During ontogeny, proliferating cells become restricted in their fate through the combined action of cell-type specific transcription factors and ubiquitous epigenetic machinery, which index chromatin for activity or repression. Although the molecular functions of these regulators are generally well understood, assigning direct developmental roles is hampered by complex mutant phenotypes that often emerge following gastrulation. To investigate these phenotypes comprehensively, we generated a panel of ten essential regulators using a combined zygotic perturbation, single-cell RNA sequencing platform where many mutant embryos can be assayed simultaneously to recover robust transcriptional and morphological information. Deeper analysis of central Polycomb Repressive Complex (PRC) 1 and 2 members indicate substantial cooperativity, but distinguishes a PRC2-dominant role in restricting the germline that emerges from gross molecular changes within the initial conceptus.

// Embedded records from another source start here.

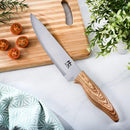 Cuchillo Chef 20 Cm Acero Inoxidable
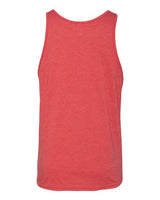 BELLA + CANVAS Men's Triblend Tank-2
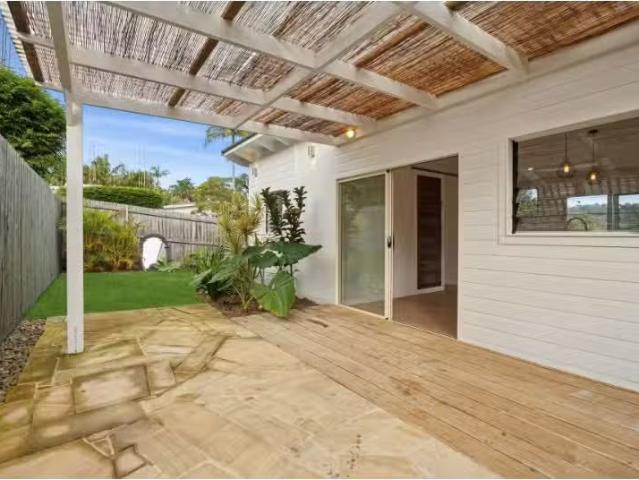 New 1 BR 22 Alexander Road, Avalon Beach Apartment for rent L.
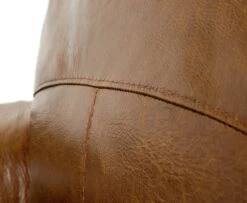 Habitat Salisbury Leather Armchair - Tan -Home Furnishings Store 3314047 R Z004A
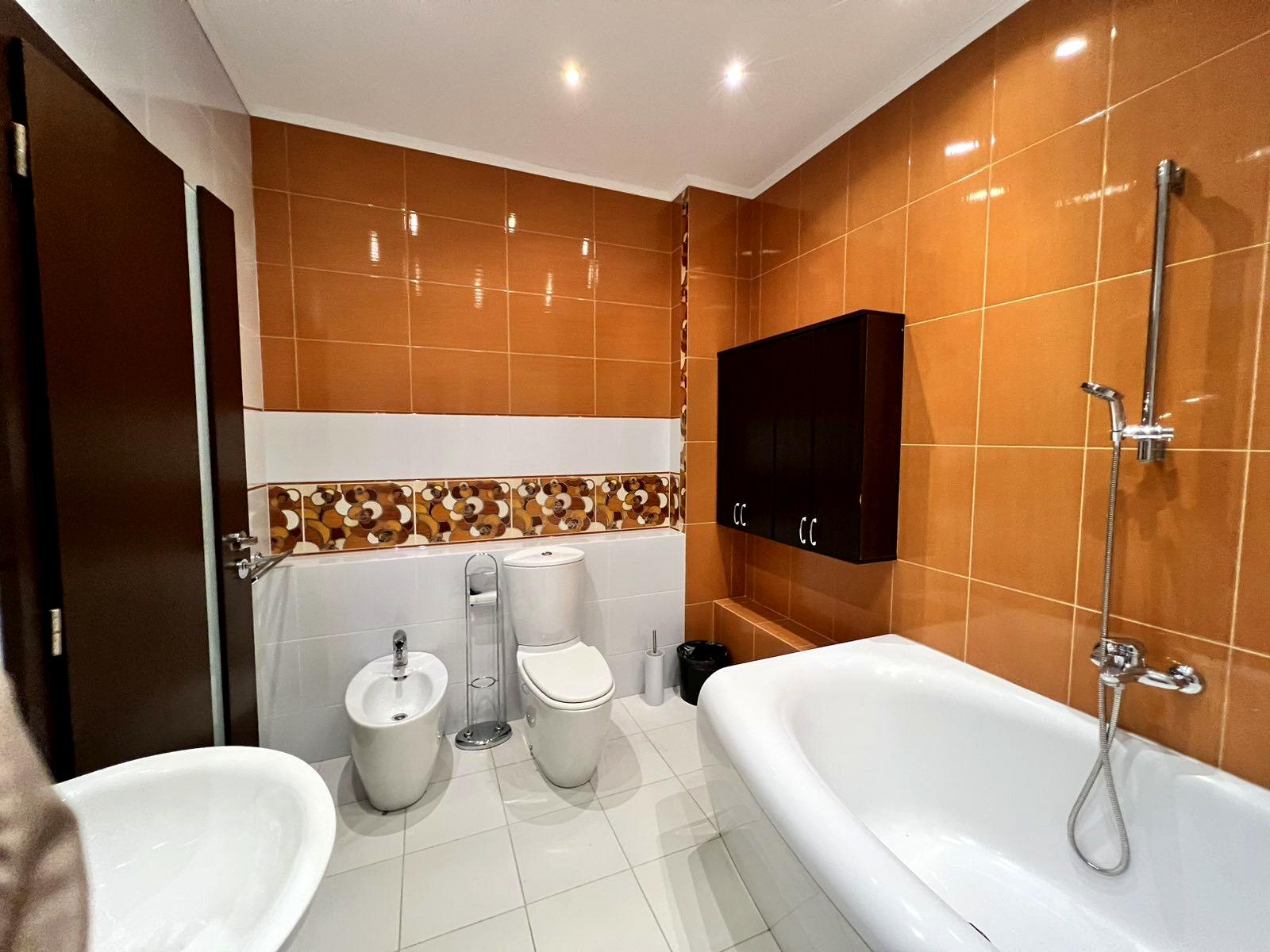 Многокомнатная квартира по адресу ул. Академика Сахарова (площадь 270 м²) - Atlanta.ua - фото 26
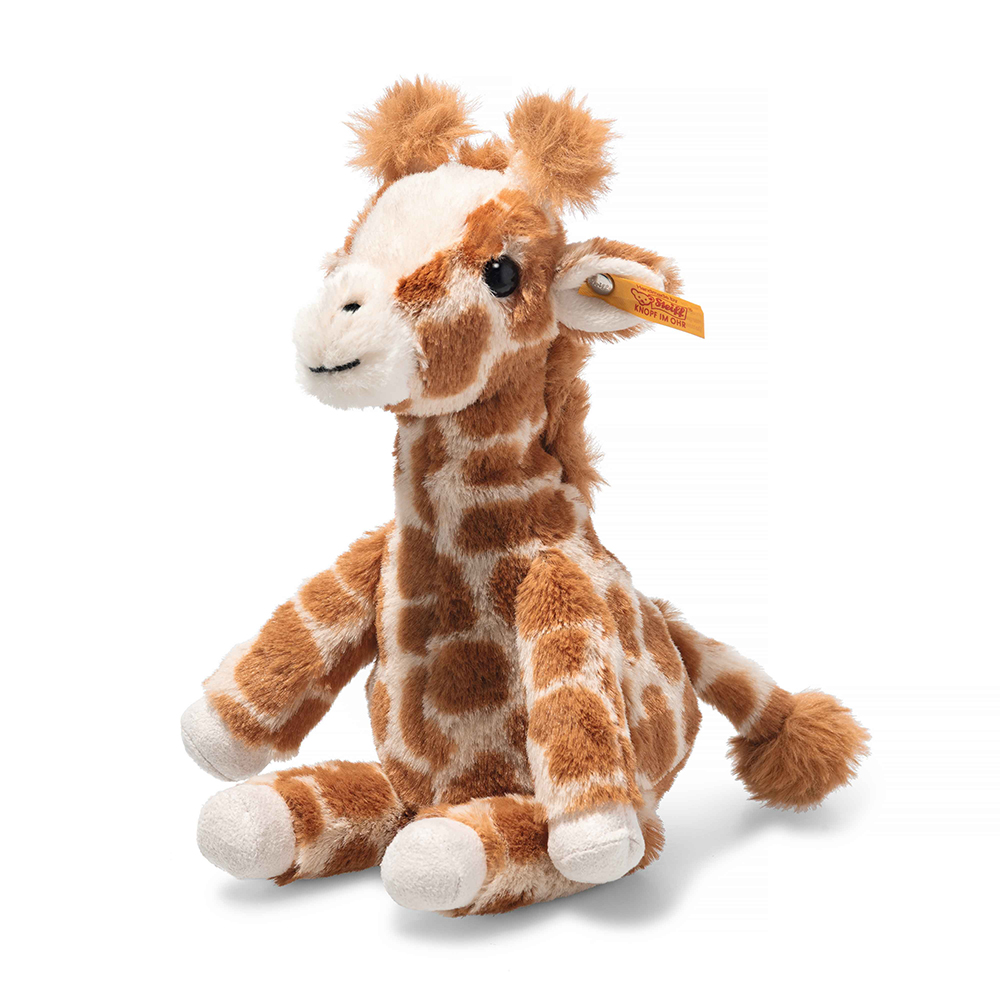 Steiff wճ}: Soft Cuddly Friends Gina giraffe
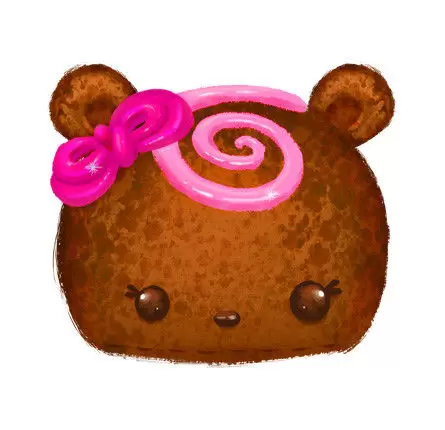 Num Noms Series 2 - Choco Swirl
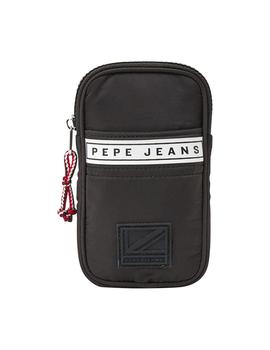 Bolso para móvil Billy Pepe Jeans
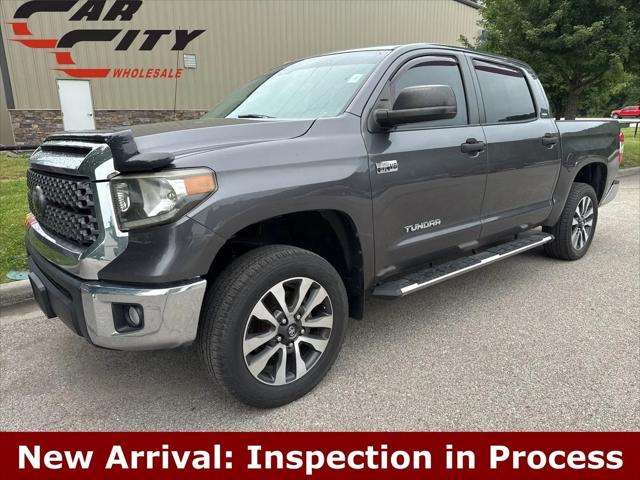 2018 Toyota Tundra SR5 5.7L V8 for sale in Shawnee, KS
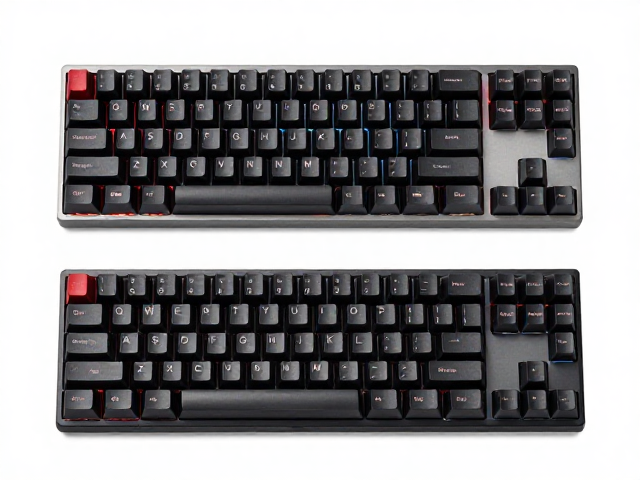 艾石头FEIHE与Darmostech87键对比,TKL机械键盘怎么选?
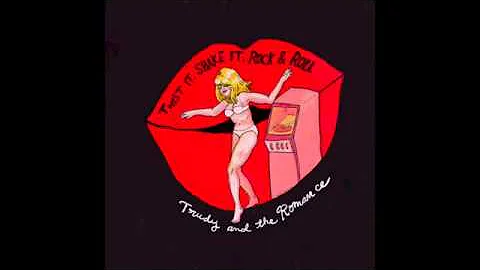Twist It, Shake It, Rock & Roll (Official Audio)
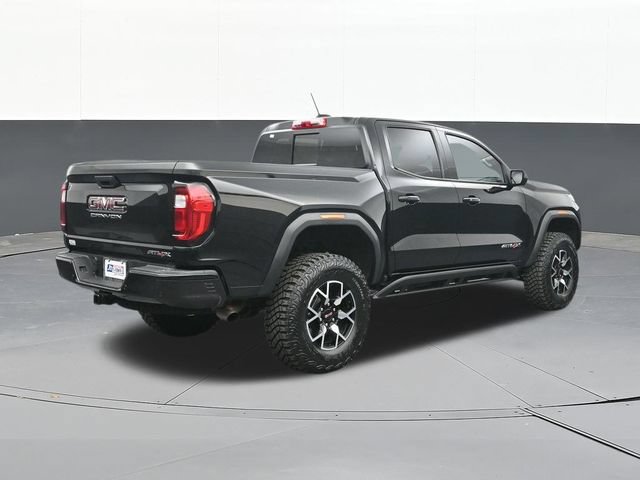 Used 2024 GMC Canyon AT4X AWD/4WD image 14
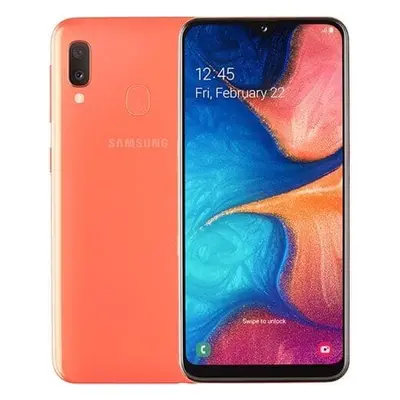 Samsung Galaxy A20e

This repository contains the collection of R snippets and scripts used to perform the transcriptomics analysis (scRNA-seq) presented in Grosswendt, Kretzmer, Smith et al. The respository is organized in the following subfolders:
- Genotyping repository subfolder
This folder contains all scripts that are used to computationally genotype and thus distinguish single replicates (embryos).
- Scripts repository subfolder
This folder contains all scripts necessary to create the single figure panels from the Source Data files containing the data behind all graphs. Source Data are deposited at https://oc-molgen.gnz.mpg.de/owncloud/s/F8g3y5F79JZRyof.
All scRNA-seq and WGBS datasets can be found in the Gene Expression Omnibus (GEO) under accession code GSE137337.